Mas esse método analítico do velho sertanejo acabou sofrendo um duro impacto. Certo dia chegou o primeiro aparelho de televisão do arraial, que foi instalado pela Prefeitura na pracinha central, como ocorria em vários lugarejos do interior. No meio da comunidade a TV ficava ligada entre 19 e 21 horas e suas imagens em preto-e-branco e com muito chuvisco atingiram em cheio o conjunto de crenças de Seu Geraldinho. Era informação nova demais pro caboclo sabe-tudo. O que fez? Seu discurso foi se adaptando ao que descobria na janela eletrônica e, ao invés de entrar em crise existencial, nosso personagem vivo passou a visitar toda noite a “máquina de fazer doido”.

A televisão grande onde a população assistia de pé se integrou com rapidez ao repertório do doutor em tudo que merecia se saber. Poucos dias depois da “novidade” ter chegado, já se podia verificar a mudança nos ensinamentos de Seu Geraldinho. O mais interessante que lembro do Tião ter citado é quando o velho expôs a sua versão revisada sobre o Dilúvio do Velho Testamento. Explicava: “Ah, o dilúvio foi o seguinte: por riba do céu, existia grandes pedra de gelo. Num dia, duas delas trombaro, sortando faísca, que abriu um buraco no teto da terra. O gelo derreteu e inundou os terreno tudo. A lua, que também era cheia d'água, ficou seca. Aí o Noé já tava com os bicho todo na arca e se salvou.

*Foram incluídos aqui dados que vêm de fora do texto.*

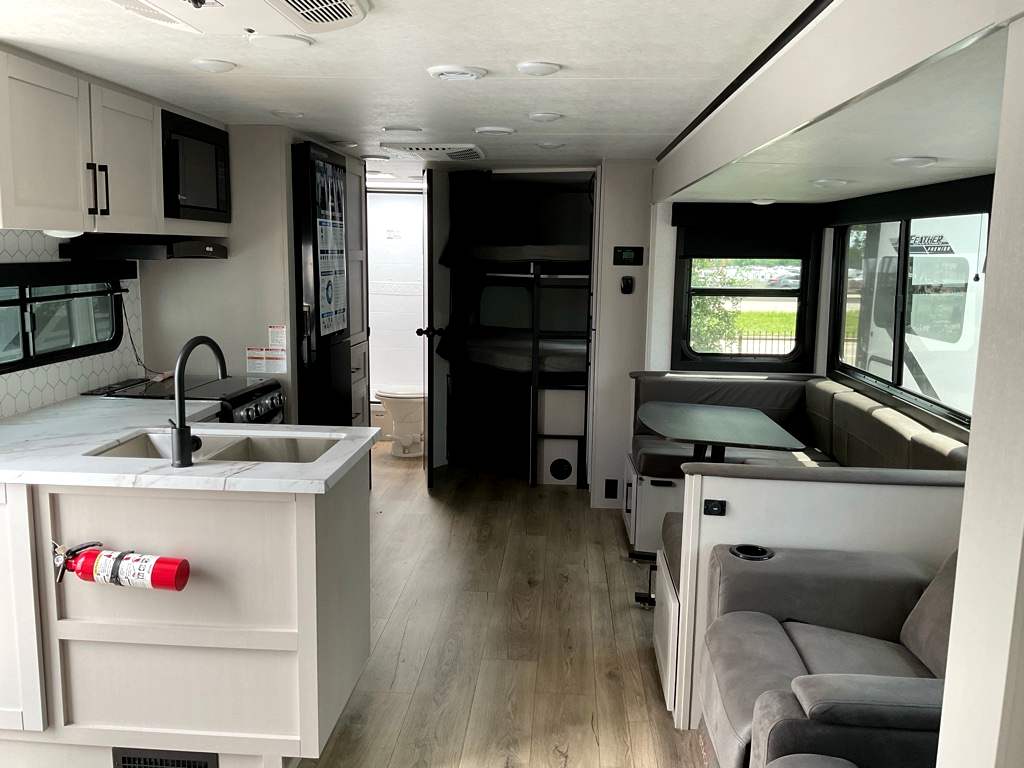 2026 JAYCO Jay Feather 29 BHB - Image 5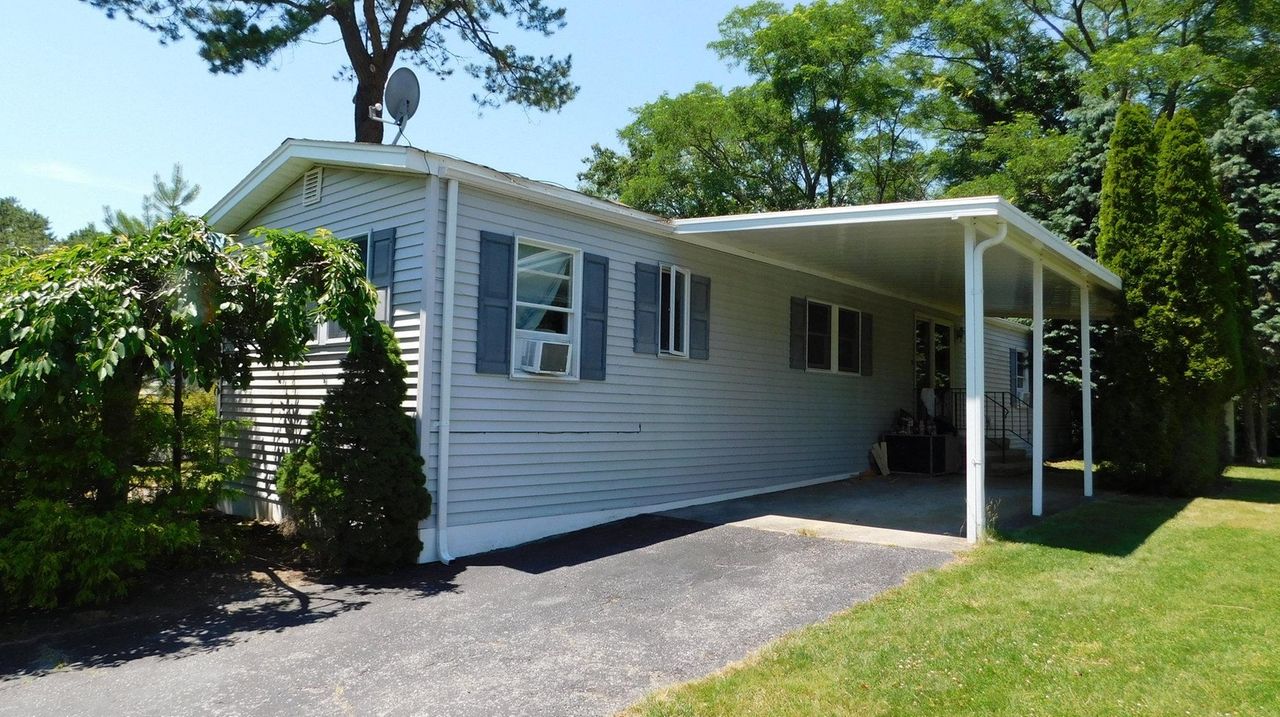 2 Riverhead mobile homes for sale in one community Newsday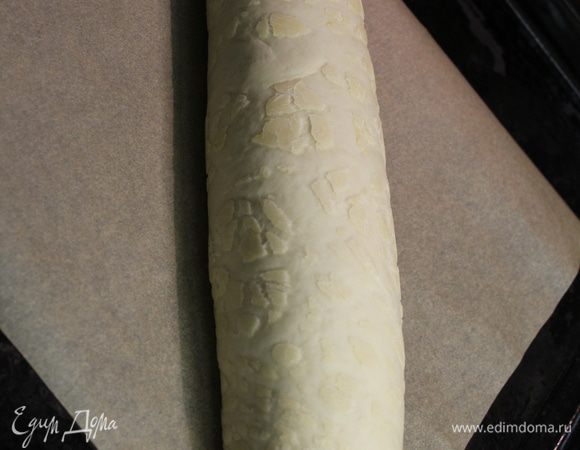 Завернуть рулетом...либо,как вариант, с обеих сторон рулетом навстречу друг другу к центру) или...ваша фантазия)..Переложить на противень на пергаментную бумагу. Дать подойти еще 1 час в теплом месте!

Nisso, os tar astronauta da Apolo 11 aproveitaro o buracão no meio das nuve mode chegá inté a lua”. Vivendo, vendo e aprendendo.

Viagens espaciais, competições esportivas, anúncios de eletrodomésticos, telenovelas e outras dezenas de fatos ligados ao mundo moderno não eram conhecidas daquele Dom Quixote do século XX, mas que passaram a povoar seus sonhos, juntamente com seu arquivo inicial de memórias, cheio de cavaleiros medievais, dragões e raízes milagrosas.

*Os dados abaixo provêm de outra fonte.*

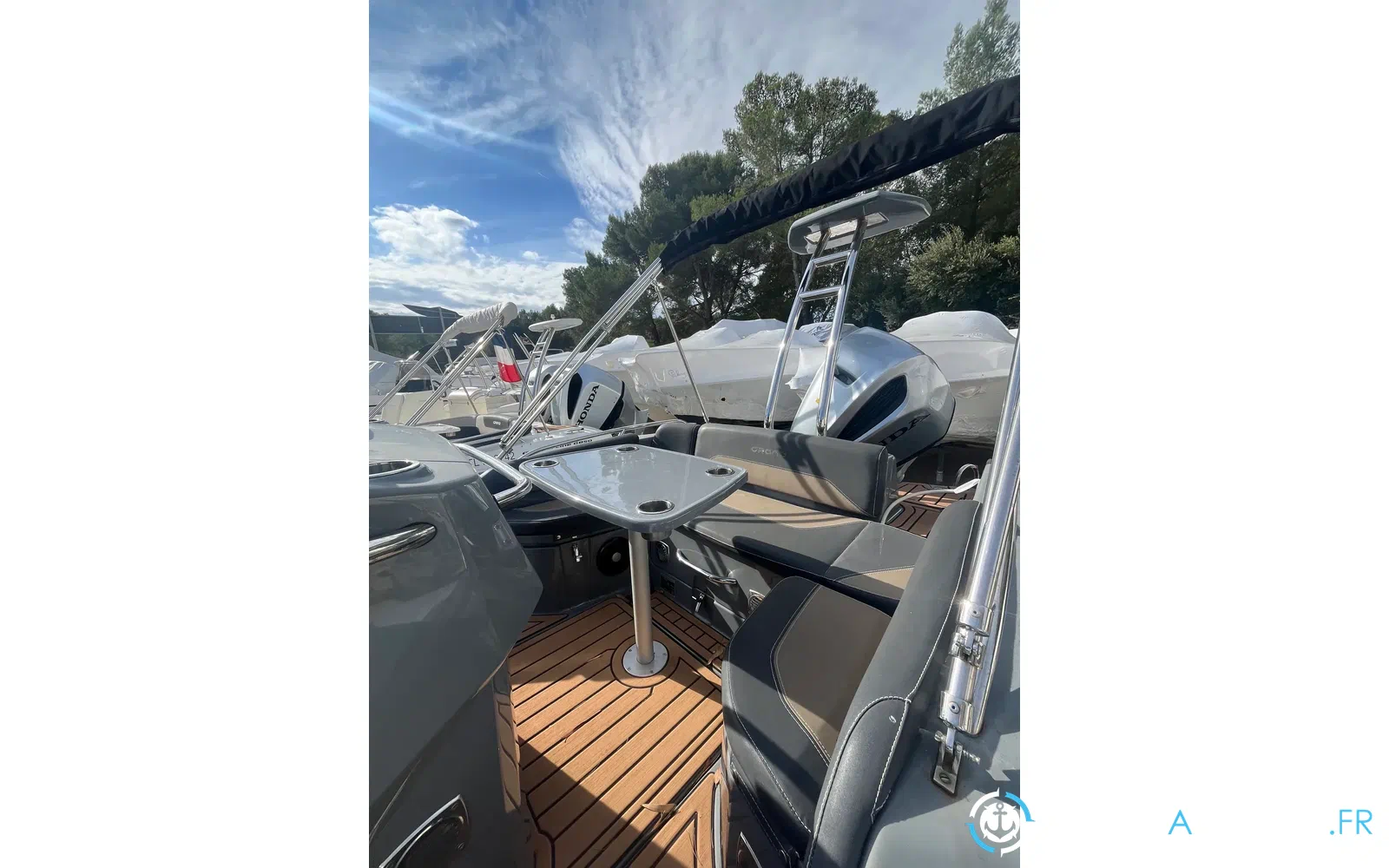 slider 4 Grand Golden Line G750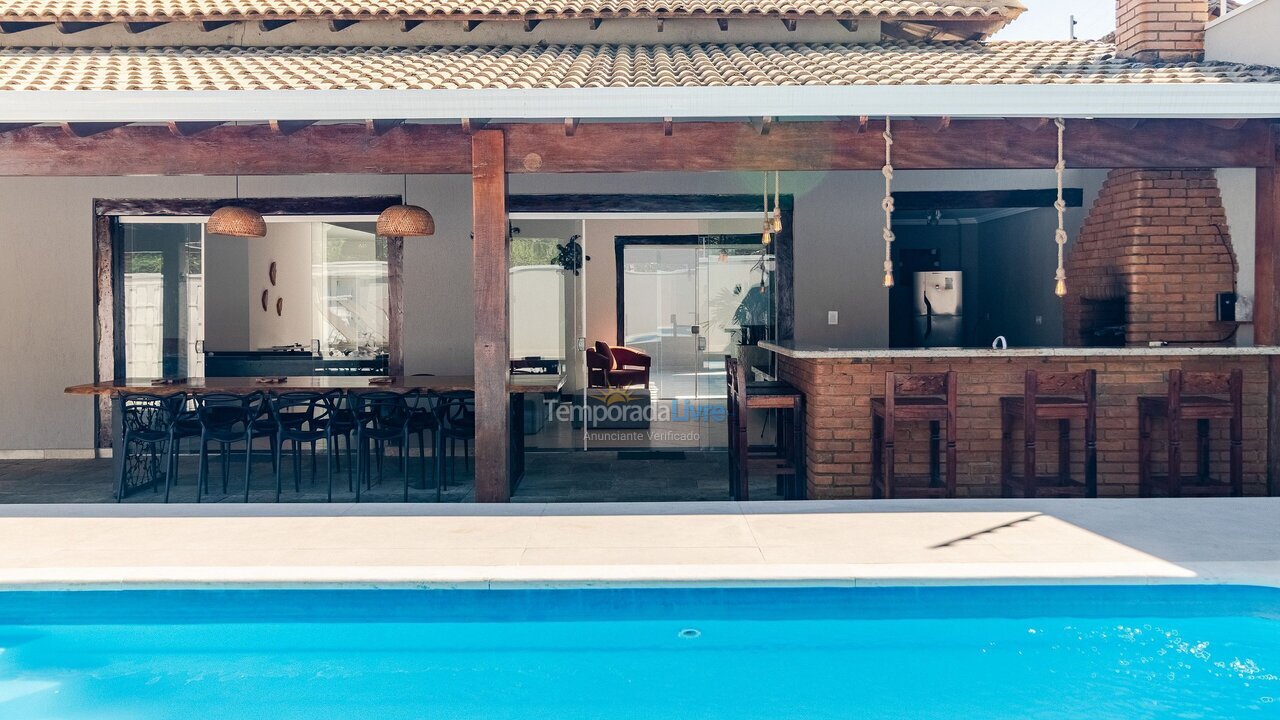 Casa para alquiler de vacaciones em Guarujá (Praia do Pernambuco)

Voltando à história do Tião... No dia de deixar o arraial e partir para outro logradouro, o professor se despediu de todo o pessoal que conheceu, exceto do Seu Geraldinho, que não conseguiu achar. Estando sozinho na estação ferroviária, depois de ter comprado o bilhete para Belo Horizonte, ele aguardava o trem que iria aparecer em meia hora. Nisso, chegava a galopes o velho líder comunitário. Ôoa! Parou e pulou do seu cavalo castanho para se despediu rapidamente de Tião. “Deus abençoe cês tudo, foi um prazer”, dizia. Antes de voltar à cela, porém, o artesão de muitas facetas colocou na mão dele um ovo embrulhado na palha de milho, que retirou debaixo do braço, da axila mesmo. “A maricota acabou de botar, tá inté quente”, lembrou. E partiu também na carreira.

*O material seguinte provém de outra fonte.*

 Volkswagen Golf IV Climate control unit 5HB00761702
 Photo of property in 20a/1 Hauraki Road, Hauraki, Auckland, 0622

Tião, boquiaberto com a situação inusitada, não entendia o significado de tudo aquilo. Não era possível ter ficado tanto tempo junto daquela gente e não saber o que representada o tal “Ovo da Maricota”. Tião chorou “feito menino”. E o que iria fazer com o ovo? Comeria? Parecia ser um sacrilégio. Guardaria? Iria apodrecer logo numa gaveta. Chocar? Não saberia como. Aí veio a única solução possível naquele momento: aproximou-se do guichê da estação e encostou o pacotinho num canto do balcão, dizendo ao funcionário da Rede: “Moço, vou deixar isso aqui um minutinho, enquanto pego uma coisa ali. Tudo bem?”.

Retomando o choro, ele foi embora e nunca mais voltou àquele lugar e nem teve idéia do que aconteceu com o Seu Geraldinho ou com o presente carinhoso que ele lhe deu. Mas a lembrança daquele idoso lépido e falador e o enigma do ovo de passarinho tão comum naquela paisagem foram junto com Tião, que, acredito, os guardará para sempre.